Well, today is Prime Day once again, July 11th being a day now when people buy buy buy, much like Cyber-Monday, Black Friday, and a few other serious shopping days.
I’ve been an amazon fan since they first came into existence. I enjoy shopping there, and have gotten more than a few peaks behind the curtain helping people develop Amazon feeds, back in the day, or more recently, helping people debug their Amazon to Shopify stores on their own domain.
There has been a huge shift in what people are being told by the gurus to do to sell physical products direct-to-consumer (basically the B2C model has completely changed). Because Amazon transformed the marketplace from a free-for-all with thousands of domains fighting for placement, and people using Google search to shop for things, to the new model where product shopping is first-and-only done on Amazon by most searchers.
Sure, they do their product research elsewhere, but when it’s time to buy, they’re visiting Amazon directly and shopping there. Mostly. Not always, and not everywhere. But, boy oh boy, that’s a bigger and bigger truth these days, over more and more of the globe.
So, the gurus stopped fighting this. It started a handful of years ago with one group, the Amazing Selling Machine folks, powering out their message. And because their system works if you use it, a lot of other gurus followed suit recommending that physical products be sold on amazon, some offering their own additional twist on the idea. No longer will you find as many of the gurus recommending that you get your self-hosted online store up and get it SEO’d, and build your business up from the ground up, etc. These days, most gurus are trying to sell their own all-in-one pipeline service, or selling you the “secrets” to how to succeed on Amazon. The only course I can recommend from the bunch that discuss Amazon is the ASM one above. It’s pricey but worth it. And now there are a number of gurus talking about how to build successful pipelines on their websites, often leading straight to an Amazon business. (Sometimes I check into these services and find that the technique is to steal someone else’s pipeline and then simply direct traffic to an amazon product. But when I pay for access to these trainings, I’m more and more often finding that Amazon is the eventual recommendation for how to sell physical products.) I’m seeing a real pattern here. Amazon is considered the place to sell physical products. And that’s true.
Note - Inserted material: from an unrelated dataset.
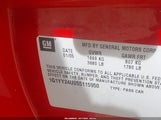 Chevrolet Corvette 1G1YY24U055115950 снимка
For now.
Note: Sometimes, when a client is using Amazon, they put a long form sales letters on their own domain or into emails, that then directs visitors straight over to an amazon page. Or, they have a shopify site listing all their Amazon products, which is much more rare.
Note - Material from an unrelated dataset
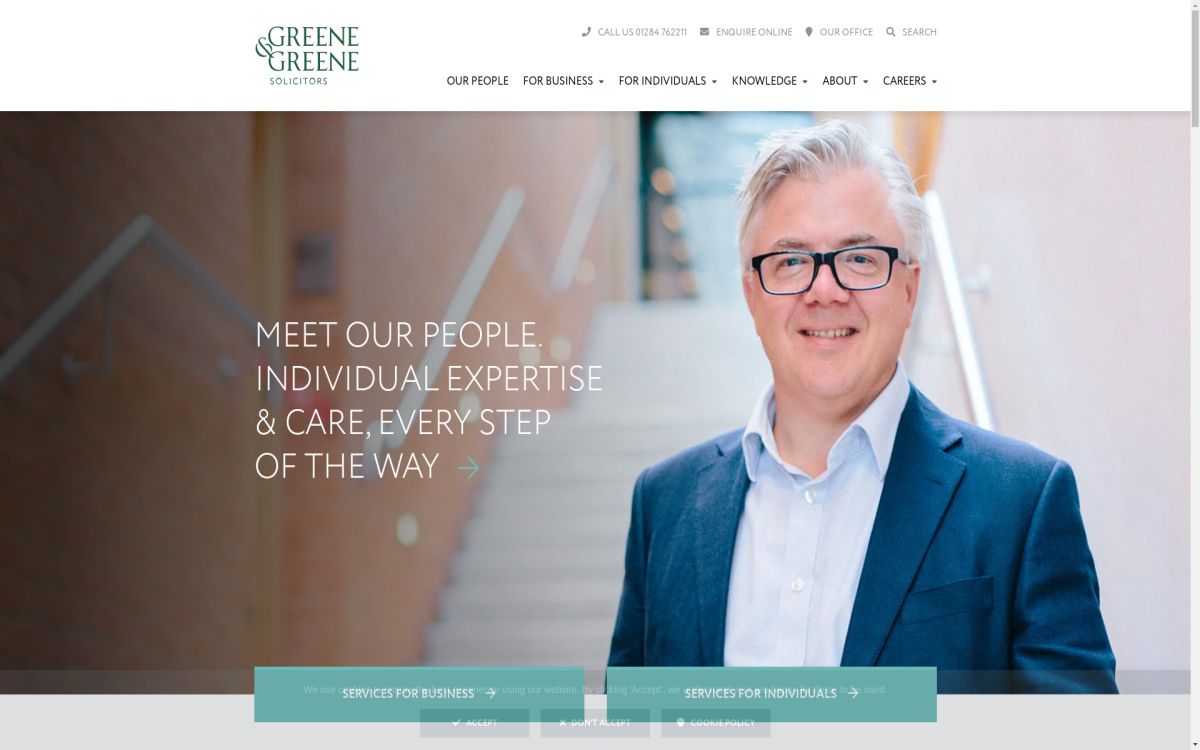 https://www.greene-greene.com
I’ve heard tons of buzz about using amazon seller central to warehouse all products, list all products only there, and basically allow them to manage your business for you, often without any back-up plan of having a separate website to sell those products on independently. Obviously, we all know that the rules on Amazon for selling elsewhere are VERY strict and tricky.
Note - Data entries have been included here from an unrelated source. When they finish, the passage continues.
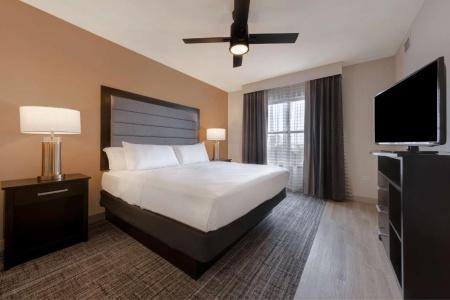 Homewood Suites Nashville Vanderbilt - 50
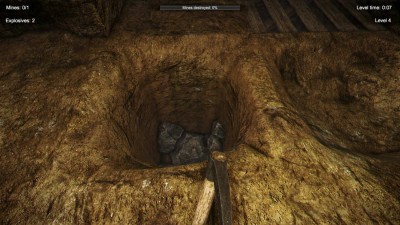 первый скриншот из Underground Keeper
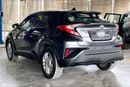 Toyota CHR GX | Guaranteed Warranty | 0 Down Payment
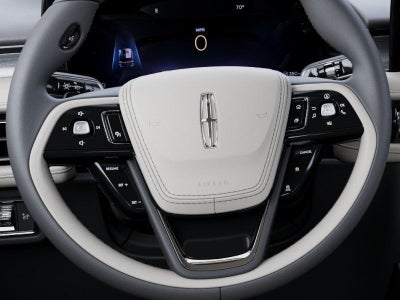2027 Lincoln Aviator Premiere InTransit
I have seen most Facebook marketing gurus switch the discussion from “how to drive traffic to your website” to “how to drive traffic to your amazon page”. I’ve seen dozens of new software tools emerge and boom that are entirely and only for helping to manage an amazon seller central business.
This shows that a LOT of people out there are building amazon businesses, and I’m not recommending against it. I am, however, asking that you consider the long-term. Have a few “what if” fail-safes in place to protect your business. The one you, as a merchant, are building up Amazon with right now. As someone who sees all opportunities online through the SEO prism, I cannot help but see a lot of link-juice, a lot of energy going to promote a website you don’t control.
If you spend thousands of dollars and countless hours building up social media and natural links, those should be going to somewhere that YOU control. That does not include your Amazon page. As most of you know, that can disappear overnight without real explanation or much resort. If you somehow violate Amazon’s rules, which change regularly, your account can disappear overnight. Without an expert to help you, it can be hard or impossible to get that Amazon account back up and running. It’s like if someone simply demolished your storefront one day and you had no way to put it back.
So, do this the smart way. If you want Amazon to do all your inventory management for you, and use them as your sole shop, put up your own store (shopify or similar Amazon-backed front-end that you control) on your own domain and direct at least some of your energy to building up social energy towards that domain of your own. That way, all that energy (in terms of link juice) remains yours if you switch from Amazon to some other physical products management system in the future and you won’t lose the momentum you’ve built.
My two cents for all you AMAZING amazon marketers out there. You’ll want to be flexible if some other site eventually eclipses Amazon. You’re all riding the high right now, but my advice is to plan for possible ebbs in the future.